## Activity
Pull out of the data below the stretch of lines bounded by the one containing "Elle Macpherson, fisico" and the one containing "Hotel 99 Kota", both bounds included, unchanged.

## Material shown
────────────────
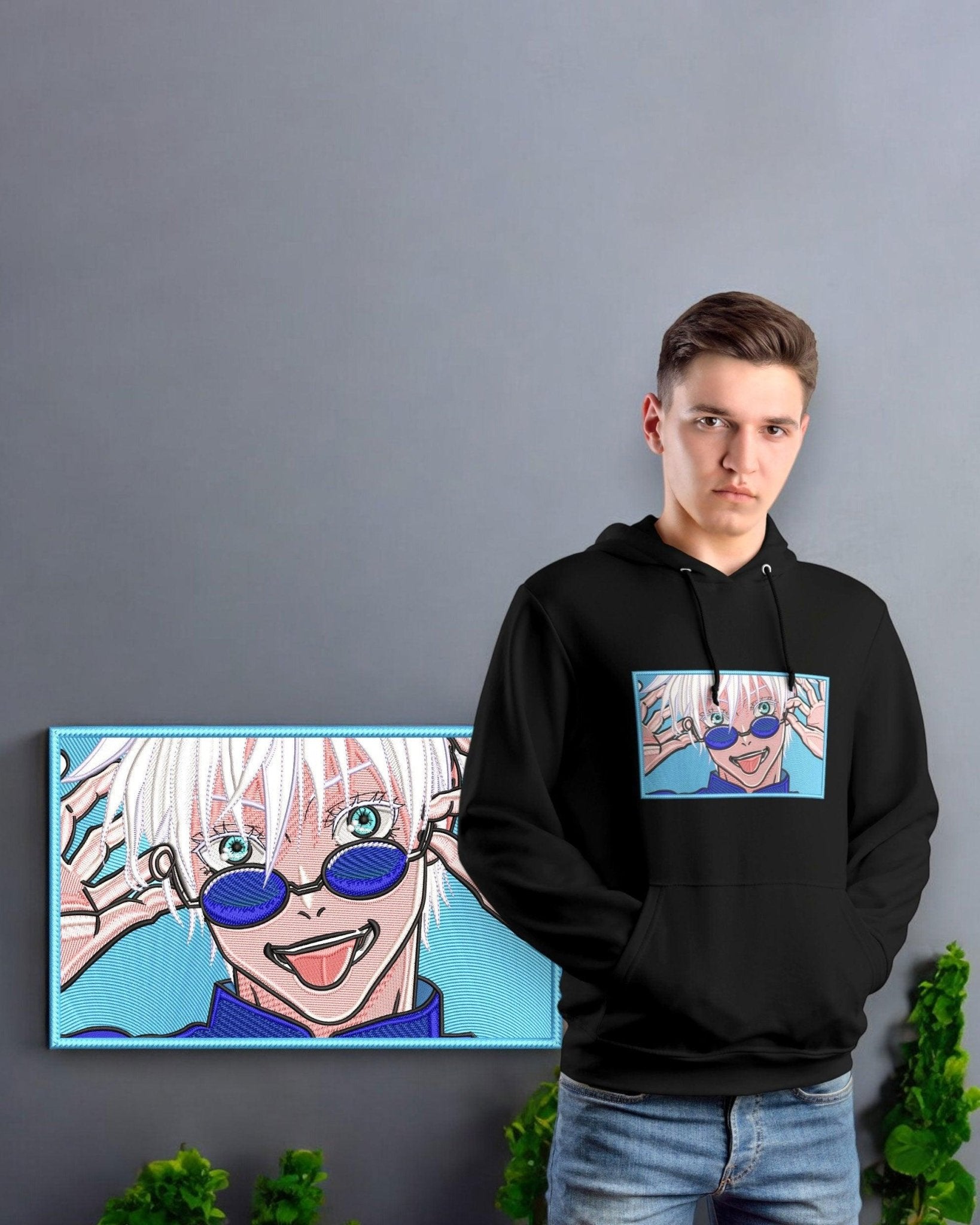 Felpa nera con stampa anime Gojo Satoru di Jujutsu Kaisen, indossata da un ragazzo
────────────────
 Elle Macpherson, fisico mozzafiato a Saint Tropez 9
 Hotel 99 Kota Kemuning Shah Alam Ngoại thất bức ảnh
────────────────
## Task solution
 Elle Macpherson, fisico mozzafiato a Saint Tropez 9
 Hotel 99 Kota Kemuning Shah Alam Ngoại thất bức ảnh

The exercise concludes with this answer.